* [YOUR OBJECTIVE]: Please write out the lines of the data exactly, beginning with the first and ending with the line containing "19 Software 19"; leave the pictures behind.

* [RECORDED INFORMATION]:
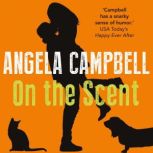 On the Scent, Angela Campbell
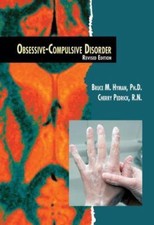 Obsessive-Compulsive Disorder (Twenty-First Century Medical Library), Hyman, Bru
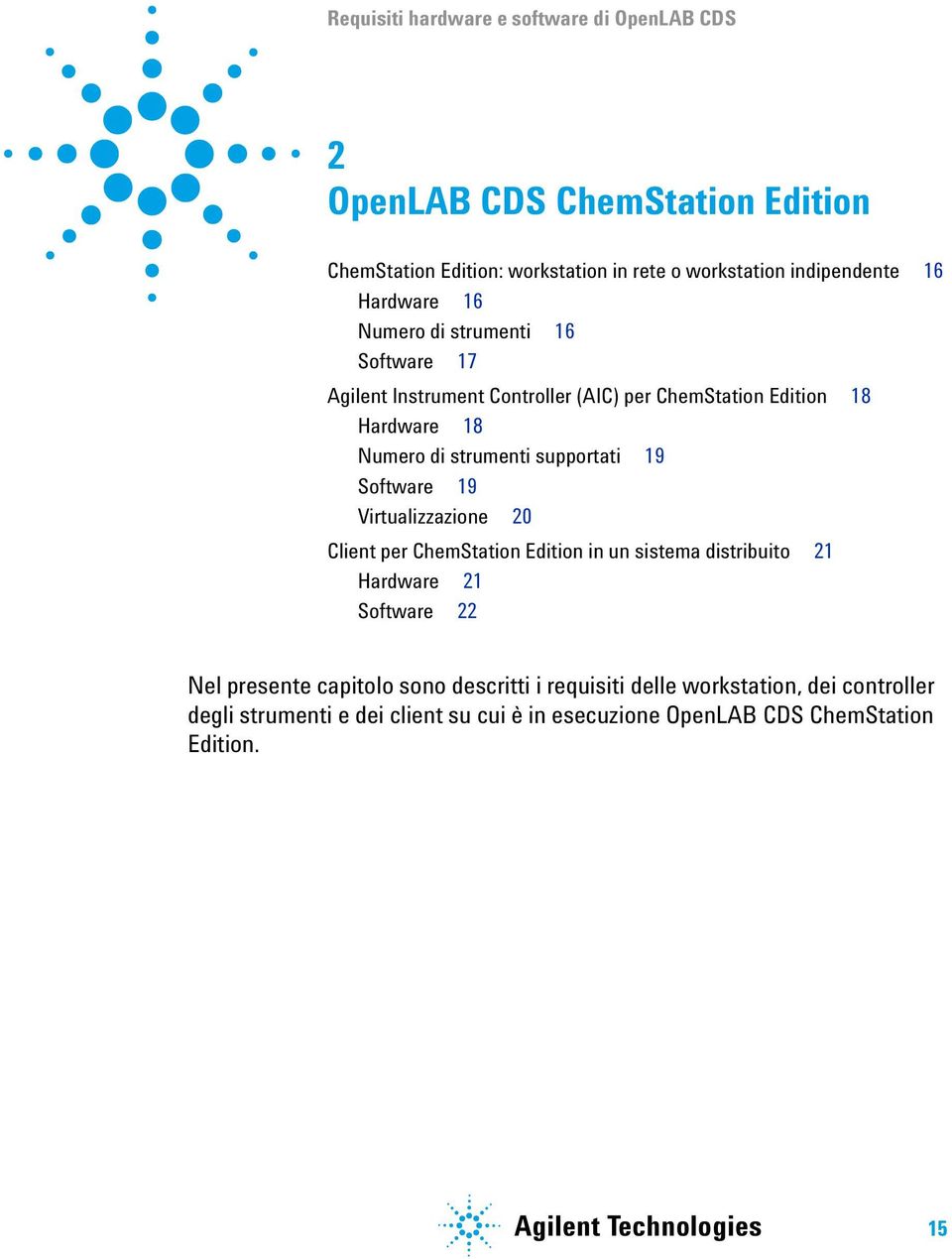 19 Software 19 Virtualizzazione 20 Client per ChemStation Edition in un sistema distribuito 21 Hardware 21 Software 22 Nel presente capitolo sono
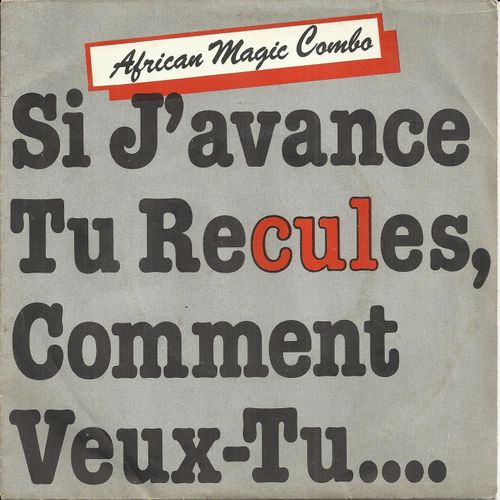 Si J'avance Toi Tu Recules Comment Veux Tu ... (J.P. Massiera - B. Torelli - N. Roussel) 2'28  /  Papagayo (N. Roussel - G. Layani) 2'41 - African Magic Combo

* [ANSWER TO THE PROBLEM]:
 On the Scent, Angela Campbell
 Obsessive-Compulsive Disorder (Twenty-First Century Medical Library), Hyman, Bru
 19 Software 19 Virtualizzazione 20 Client per ChemStation Edition in un sistema distribuito 21 Hardware 21 Software 22 Nel presente capitolo sono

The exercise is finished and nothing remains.